The mining industry in Congo is particularly corrupt and is one of the largest causes of poverty in Congo. The precious metals mined in the Congo are necessary for a lot of technology taken for granted in the west: smartphones, computers, etc. Many foreign investors in the mining sector end up signing billion-dollar contracts with parties funding armed paramilitary groups, who siphoned some $185 million in 2008 from mining deals. The Congolese army is also dependent on funding from valuable minerals.

There has been some recent pushback against corruption in the Congolese mining industry. #Standwithcongo was launched by activist JD Steir with Robin Wright of House of Cards fame to get mining companies to disclose owners of the offshore shell companies involved with these mining deals.

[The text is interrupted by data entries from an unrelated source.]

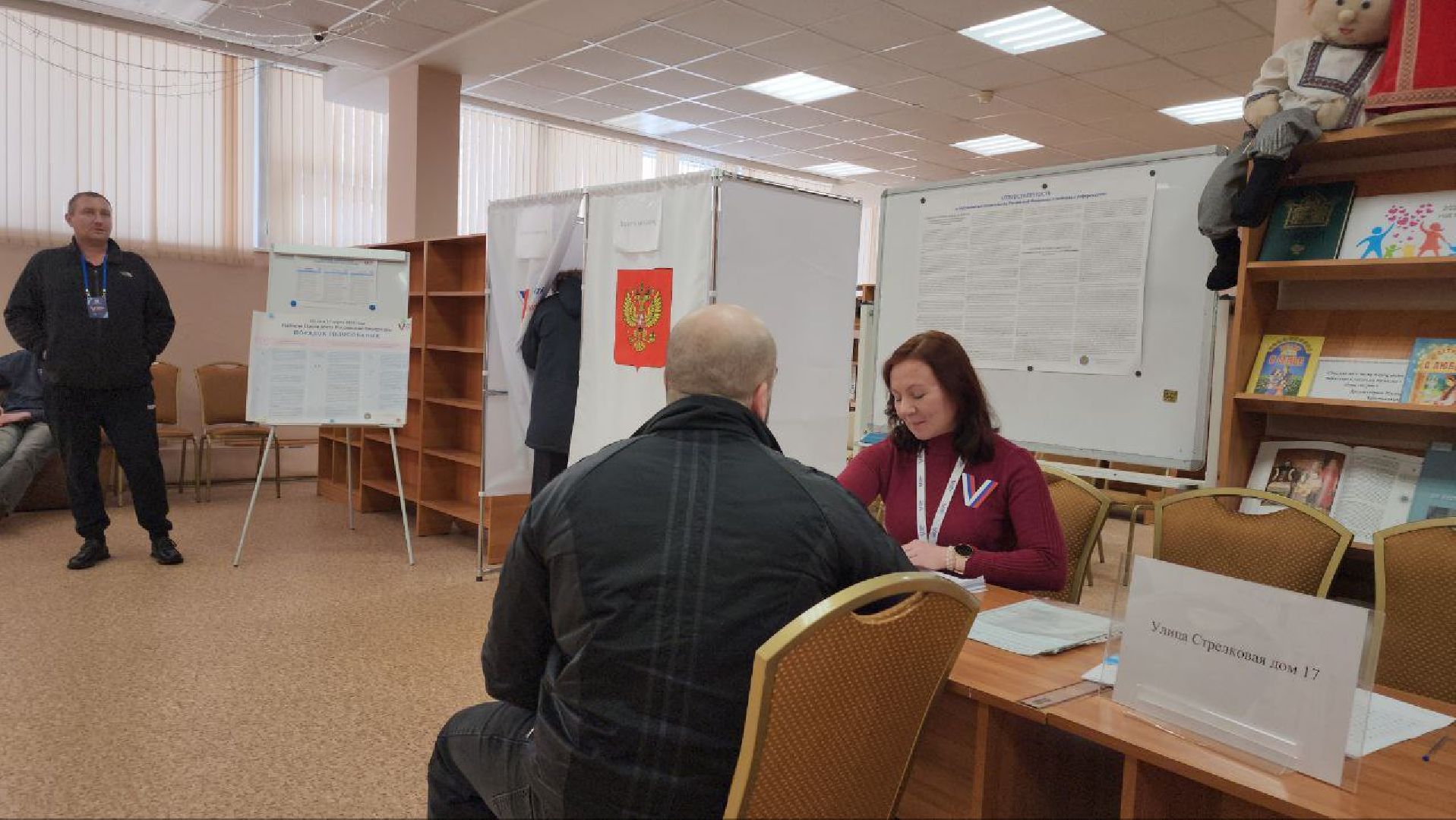 мытищи, выборы, выборы 2024, сергей акопян,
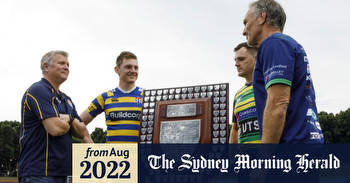Shute Shield 2022: Gordon and Sydney University in grand final after closest season ever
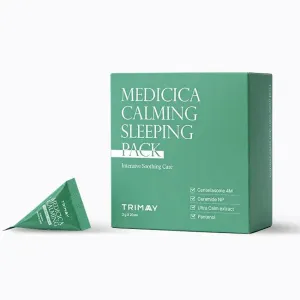 Medica Calming Sleeping Pack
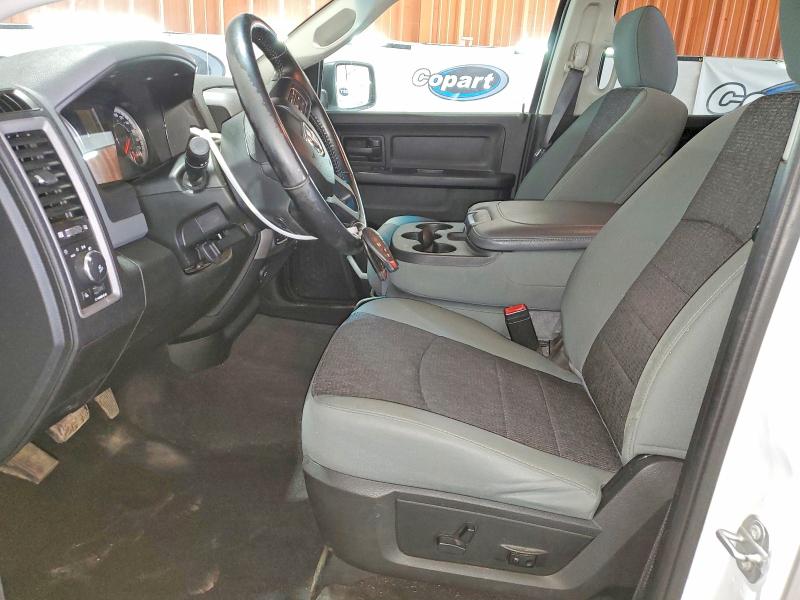 Продажа на аукционе авто 2020 Ram 1500 Classic, vin: 1C6RR7KT1LS131791, номер лота: 66362536
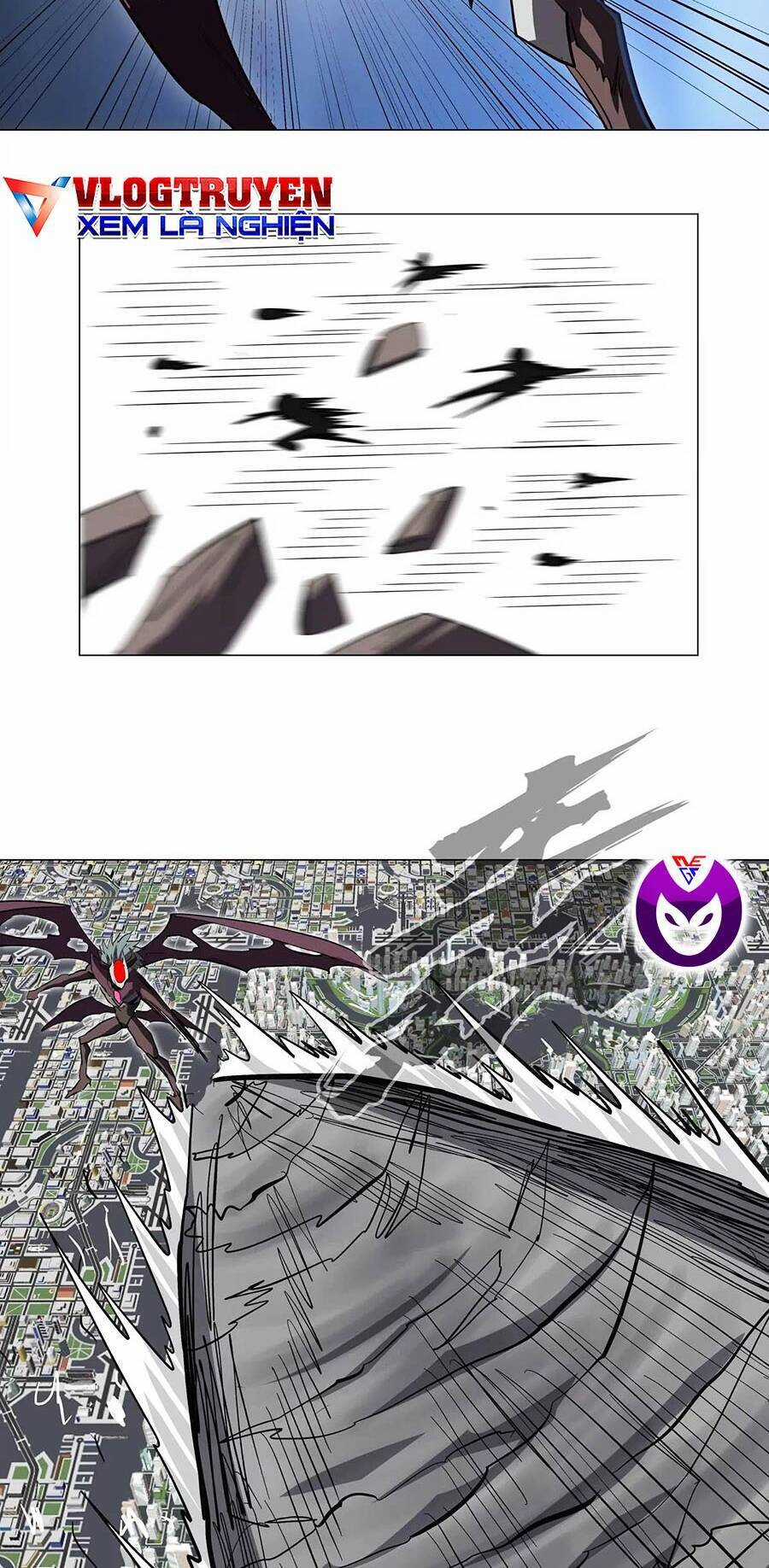 Cương Thi Tiên Sinh Chapter 87 trang 23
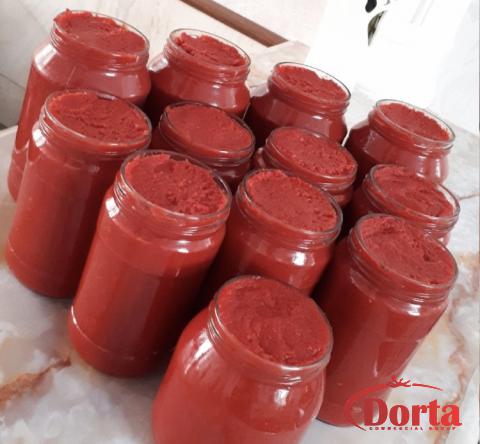 Tomato Paste 830 GR Suppliers and Manufacturers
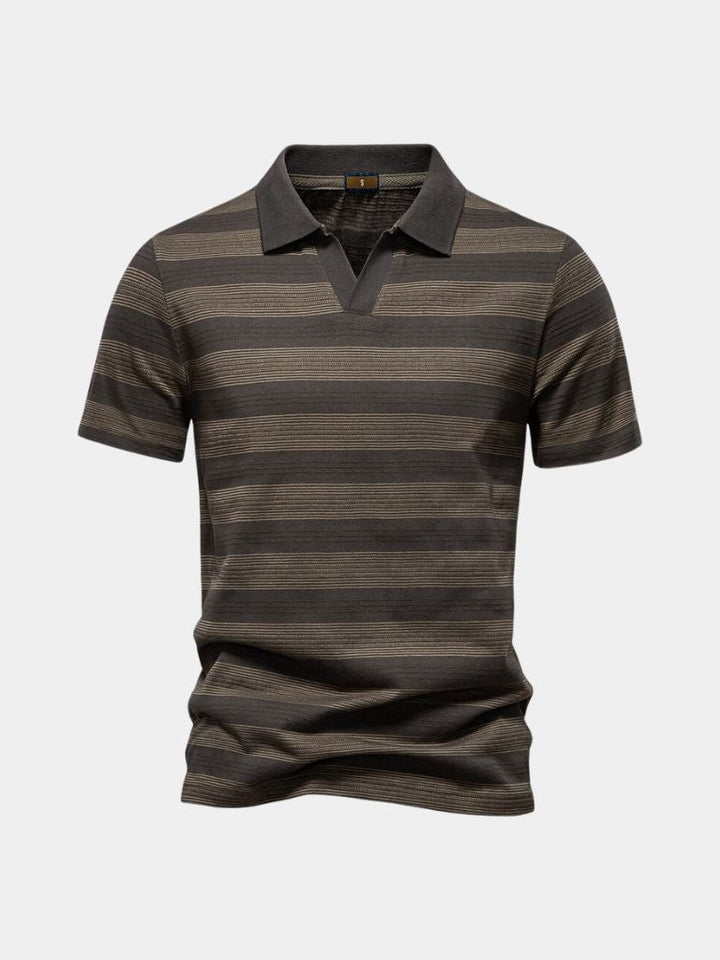 Benjamin | vintage drift polo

Additionally, the Congolese army has been successful in pushing back the rebel M23 faction, creating peace in the region and eliminating at least one of the factions that profits from the corrupt mining industry.

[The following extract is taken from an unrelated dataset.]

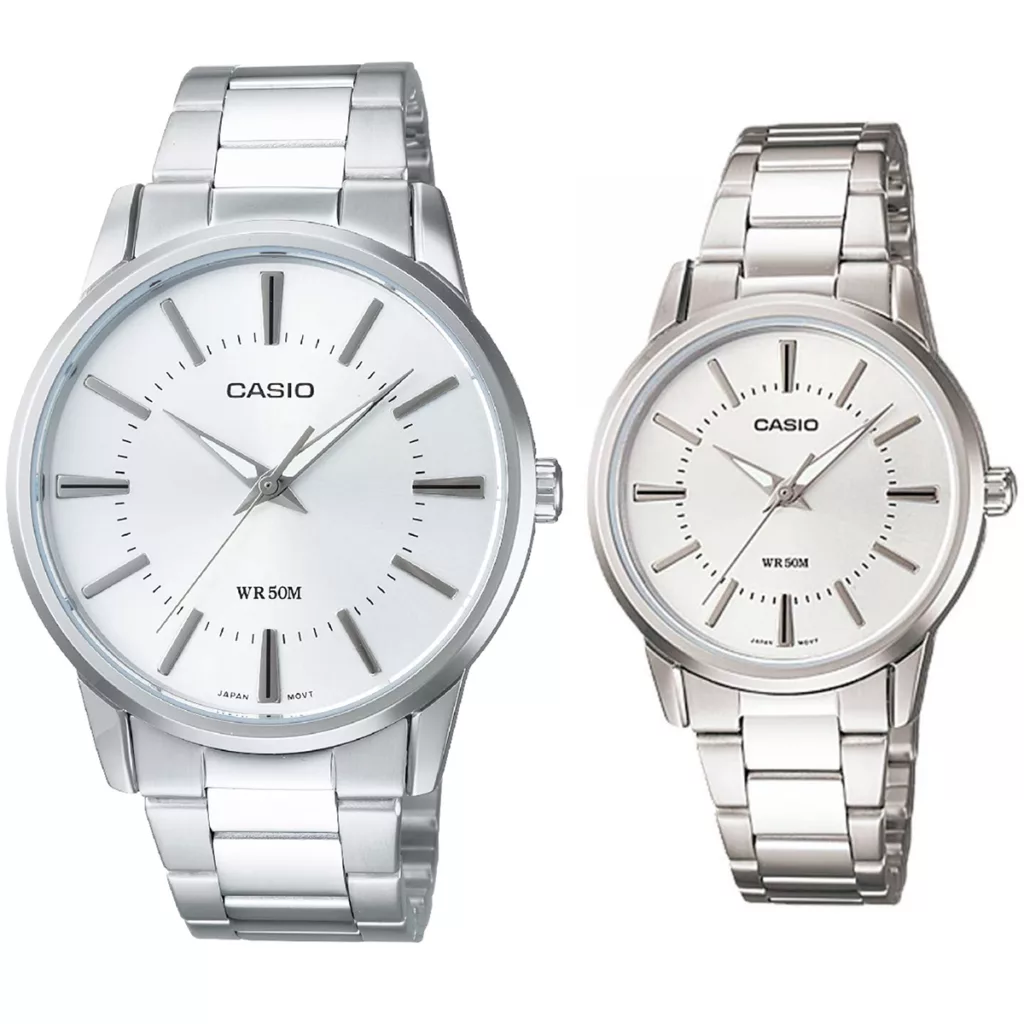 ساعت مچی ست کاسیو CASIO 1303D-7A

The United States has not been silent on the matter either  The U.S. Financial Reform Act, also known as Dodd-Frank, requires companies whose products contain certain minerals to disclose whether or not those minerals came from the Congo, and show what steps they took to ensure such trade was not financing armed groups.  The Department of State has cooperated with Congo’s government and mining sector to establish supply chains for conflict-free minerals being mined in the eastern part of the country.
The causes of poverty in Congo are myriad, but there have been signs of improvement, thanks in part to the actions of the United States, unlikely activists and Congo’s own desire to see a new day.